If you’re not a fan of doing things in a rush, the good news is that it doesn’t always have to be a last-minute sprint. With regular investments throughout the year, you could get into a good rhythm that helps ease the pressure.
It’s always worth remembering though, that investing always comes with risk.
Time to become a creature-of-habit?
Investing isn’t only for people with a large lump sum to work with. You can also invest regular amounts at your own pace, helping you build up your wealth while getting exposure to investment returns.
It’s also a good way to start building up capital for children, grandchildren or other people you care about. By putting aside a little bit every month, rather than holding out for the ‘right time’ to invest, you’re getting exposure to market growth at the earliest stage. Regardless of how much investment knowledge you have, it’s notoriously hard to time the perfect market ‘entry point’.

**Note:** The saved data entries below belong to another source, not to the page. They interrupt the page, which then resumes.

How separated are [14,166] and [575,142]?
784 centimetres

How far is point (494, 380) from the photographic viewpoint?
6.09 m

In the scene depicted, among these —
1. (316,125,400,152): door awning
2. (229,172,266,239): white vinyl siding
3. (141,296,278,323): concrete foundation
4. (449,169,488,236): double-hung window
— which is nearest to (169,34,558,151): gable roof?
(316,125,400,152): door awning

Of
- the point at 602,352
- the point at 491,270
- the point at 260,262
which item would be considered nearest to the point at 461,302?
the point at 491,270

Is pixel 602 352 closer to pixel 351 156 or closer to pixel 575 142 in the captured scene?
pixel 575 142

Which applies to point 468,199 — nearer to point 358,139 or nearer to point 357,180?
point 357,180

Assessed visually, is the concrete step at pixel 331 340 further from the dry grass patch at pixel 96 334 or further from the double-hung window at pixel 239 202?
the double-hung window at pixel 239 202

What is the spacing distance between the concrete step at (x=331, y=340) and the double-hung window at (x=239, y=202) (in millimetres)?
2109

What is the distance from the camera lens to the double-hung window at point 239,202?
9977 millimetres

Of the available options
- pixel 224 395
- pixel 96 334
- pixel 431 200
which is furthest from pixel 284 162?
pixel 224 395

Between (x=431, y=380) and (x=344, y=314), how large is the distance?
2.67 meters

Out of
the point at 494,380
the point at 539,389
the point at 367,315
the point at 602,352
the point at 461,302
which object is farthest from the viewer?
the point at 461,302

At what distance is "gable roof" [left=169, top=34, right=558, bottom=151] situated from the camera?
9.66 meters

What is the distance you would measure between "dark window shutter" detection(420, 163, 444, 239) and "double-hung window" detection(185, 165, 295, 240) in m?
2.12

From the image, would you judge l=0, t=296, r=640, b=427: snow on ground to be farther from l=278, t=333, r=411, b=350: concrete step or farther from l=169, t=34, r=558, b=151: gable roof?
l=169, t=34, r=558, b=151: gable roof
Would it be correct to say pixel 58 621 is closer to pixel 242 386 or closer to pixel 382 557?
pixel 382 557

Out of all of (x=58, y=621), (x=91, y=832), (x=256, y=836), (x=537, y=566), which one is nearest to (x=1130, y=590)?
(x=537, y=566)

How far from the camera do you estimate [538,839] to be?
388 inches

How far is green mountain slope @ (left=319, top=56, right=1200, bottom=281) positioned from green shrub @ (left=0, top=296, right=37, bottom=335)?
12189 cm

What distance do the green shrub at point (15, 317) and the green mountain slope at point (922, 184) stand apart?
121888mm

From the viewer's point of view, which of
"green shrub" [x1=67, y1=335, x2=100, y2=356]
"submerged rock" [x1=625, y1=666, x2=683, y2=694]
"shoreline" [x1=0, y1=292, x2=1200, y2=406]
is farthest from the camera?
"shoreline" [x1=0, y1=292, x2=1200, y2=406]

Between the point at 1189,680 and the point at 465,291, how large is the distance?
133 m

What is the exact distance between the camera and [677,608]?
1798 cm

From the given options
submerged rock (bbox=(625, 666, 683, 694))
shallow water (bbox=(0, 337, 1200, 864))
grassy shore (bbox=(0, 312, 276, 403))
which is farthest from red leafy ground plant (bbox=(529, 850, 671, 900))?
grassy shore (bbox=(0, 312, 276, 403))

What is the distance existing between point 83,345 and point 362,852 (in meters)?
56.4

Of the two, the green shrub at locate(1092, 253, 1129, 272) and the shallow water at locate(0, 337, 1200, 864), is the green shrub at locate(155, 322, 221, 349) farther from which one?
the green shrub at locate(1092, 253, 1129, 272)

ISAs: All-in-one, or split through regular payments
If you do want to fund an ISA, you can use regular investments to do so.
The ISA allowance for the 2019/20 tax year is £20,000. By making a monthly investment of around £1,600 through an online service such as Coutts Invest at the start of the tax year, you will ensure you use most of your annual allowance before it’s too late.

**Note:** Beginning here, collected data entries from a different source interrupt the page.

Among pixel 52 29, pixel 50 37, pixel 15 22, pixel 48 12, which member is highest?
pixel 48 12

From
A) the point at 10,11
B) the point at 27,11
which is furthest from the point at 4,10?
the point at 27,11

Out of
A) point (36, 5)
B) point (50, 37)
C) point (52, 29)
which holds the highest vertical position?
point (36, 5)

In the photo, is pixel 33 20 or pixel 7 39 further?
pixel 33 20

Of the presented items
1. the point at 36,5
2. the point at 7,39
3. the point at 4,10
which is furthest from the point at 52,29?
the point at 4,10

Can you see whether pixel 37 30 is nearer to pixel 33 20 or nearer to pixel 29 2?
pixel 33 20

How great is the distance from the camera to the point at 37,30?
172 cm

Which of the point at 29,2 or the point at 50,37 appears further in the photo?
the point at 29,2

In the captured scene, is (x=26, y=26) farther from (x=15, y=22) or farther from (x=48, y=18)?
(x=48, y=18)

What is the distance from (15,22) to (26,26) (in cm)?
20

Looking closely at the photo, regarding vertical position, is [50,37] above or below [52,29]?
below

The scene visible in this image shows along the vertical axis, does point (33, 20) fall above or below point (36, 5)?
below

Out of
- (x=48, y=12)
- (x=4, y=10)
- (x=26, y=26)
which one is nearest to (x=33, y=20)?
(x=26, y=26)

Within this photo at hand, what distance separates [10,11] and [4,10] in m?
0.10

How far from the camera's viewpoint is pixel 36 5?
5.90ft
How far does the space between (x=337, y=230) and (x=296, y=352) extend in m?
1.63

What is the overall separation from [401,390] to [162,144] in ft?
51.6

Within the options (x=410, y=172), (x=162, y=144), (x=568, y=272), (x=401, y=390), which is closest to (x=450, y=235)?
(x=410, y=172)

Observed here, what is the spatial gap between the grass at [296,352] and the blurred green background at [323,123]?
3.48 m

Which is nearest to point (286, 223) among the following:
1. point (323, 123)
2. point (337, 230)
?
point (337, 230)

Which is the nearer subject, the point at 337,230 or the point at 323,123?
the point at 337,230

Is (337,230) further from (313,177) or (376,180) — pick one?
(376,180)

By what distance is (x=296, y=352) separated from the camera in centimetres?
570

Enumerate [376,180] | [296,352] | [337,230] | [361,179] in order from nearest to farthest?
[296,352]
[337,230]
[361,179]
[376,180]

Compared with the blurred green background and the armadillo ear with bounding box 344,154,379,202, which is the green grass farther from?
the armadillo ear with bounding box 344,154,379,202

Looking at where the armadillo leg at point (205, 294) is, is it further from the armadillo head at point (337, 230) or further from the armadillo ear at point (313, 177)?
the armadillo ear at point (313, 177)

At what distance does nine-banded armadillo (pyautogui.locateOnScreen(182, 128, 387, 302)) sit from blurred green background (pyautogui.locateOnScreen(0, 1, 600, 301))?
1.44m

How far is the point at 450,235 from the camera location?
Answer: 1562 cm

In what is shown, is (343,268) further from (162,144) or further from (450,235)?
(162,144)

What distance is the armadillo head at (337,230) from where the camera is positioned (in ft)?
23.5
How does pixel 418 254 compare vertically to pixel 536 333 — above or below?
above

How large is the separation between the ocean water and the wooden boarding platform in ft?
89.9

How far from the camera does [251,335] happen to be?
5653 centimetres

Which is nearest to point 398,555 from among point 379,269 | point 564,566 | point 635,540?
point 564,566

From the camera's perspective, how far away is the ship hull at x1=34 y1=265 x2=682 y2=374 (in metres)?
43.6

After five years, you would have invested nearly £100,000 on which you will pay no tax on your returns, depending on your circumstances and assuming allowances and the rules around using them don’t change.
But remember, investing comes with risk. The value of investments, and the income from them, can go down as well as up, and you may not recover the amount of your original investment.
Setting up a regular payment into a stocks and shares ISA also has the added bonus of meaning you’re less likely to forget to use your allowance – something we recognise is easy to do in the increasingly hectic lives we all lead.